**Requirement**
Reproduce the listing word for word, leaving every picture behind.

**Collected data**
§

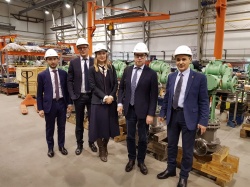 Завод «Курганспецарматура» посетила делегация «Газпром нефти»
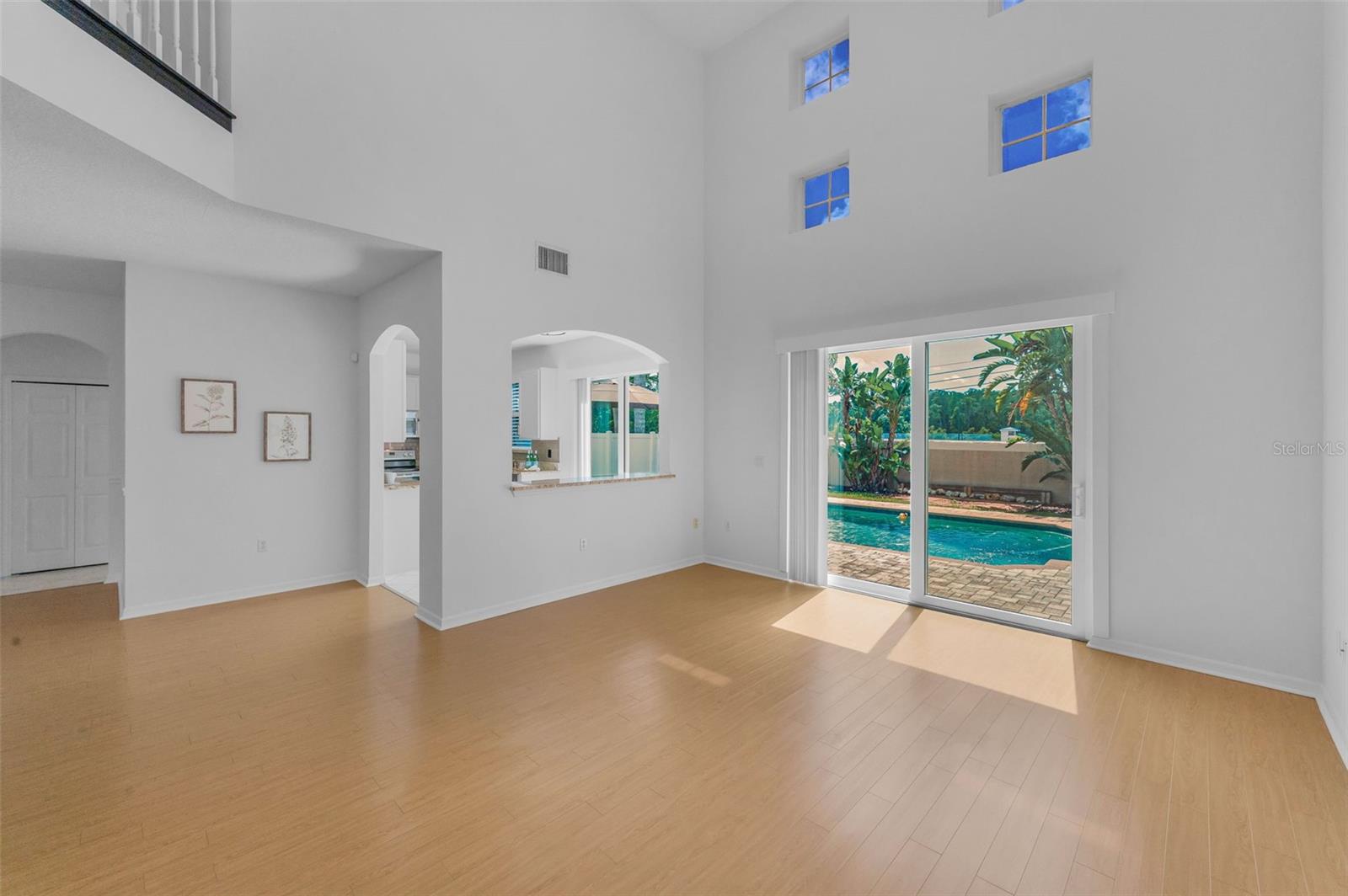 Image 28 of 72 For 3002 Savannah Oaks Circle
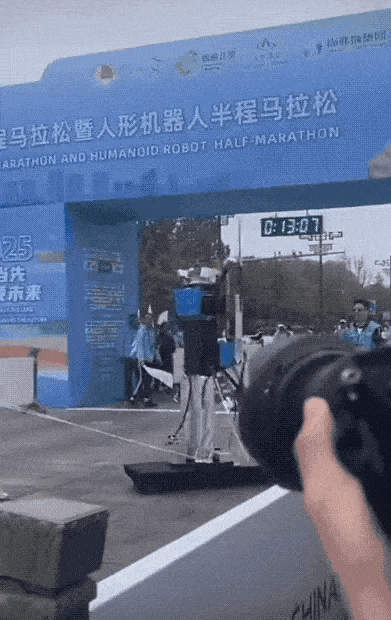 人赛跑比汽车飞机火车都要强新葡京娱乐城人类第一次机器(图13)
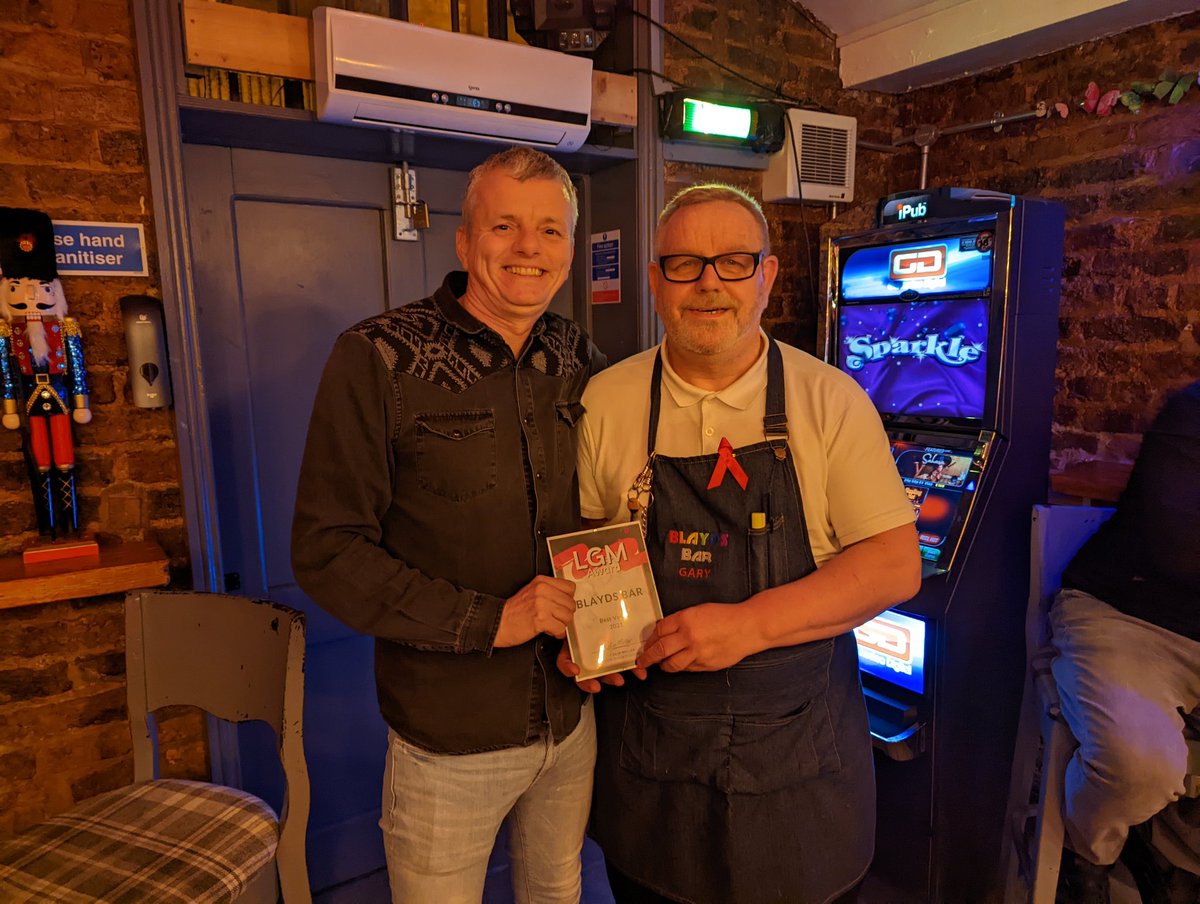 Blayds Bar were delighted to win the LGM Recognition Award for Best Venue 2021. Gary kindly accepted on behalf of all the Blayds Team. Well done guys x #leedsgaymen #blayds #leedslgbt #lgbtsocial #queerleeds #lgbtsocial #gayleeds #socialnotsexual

§

**Finished task**
 Завод «Курганспецарматура» посетила делегация «Газпром нефти»
 Image 28 of 72 For 3002 Savannah Oaks Circle
 人赛跑比汽车飞机火车都要强新葡京娱乐城人类第一次机器(图13)
 Blayds Bar were delighted to win the LGM Recognition Award for Best Venue 2021. Gary kindly accepted on behalf of all the Blayds Team. Well done guys x #leedsgaymen #blayds #leedslgbt #lgbtsocial #queerleeds #lgbtsocial #gayleeds #socialnotsexual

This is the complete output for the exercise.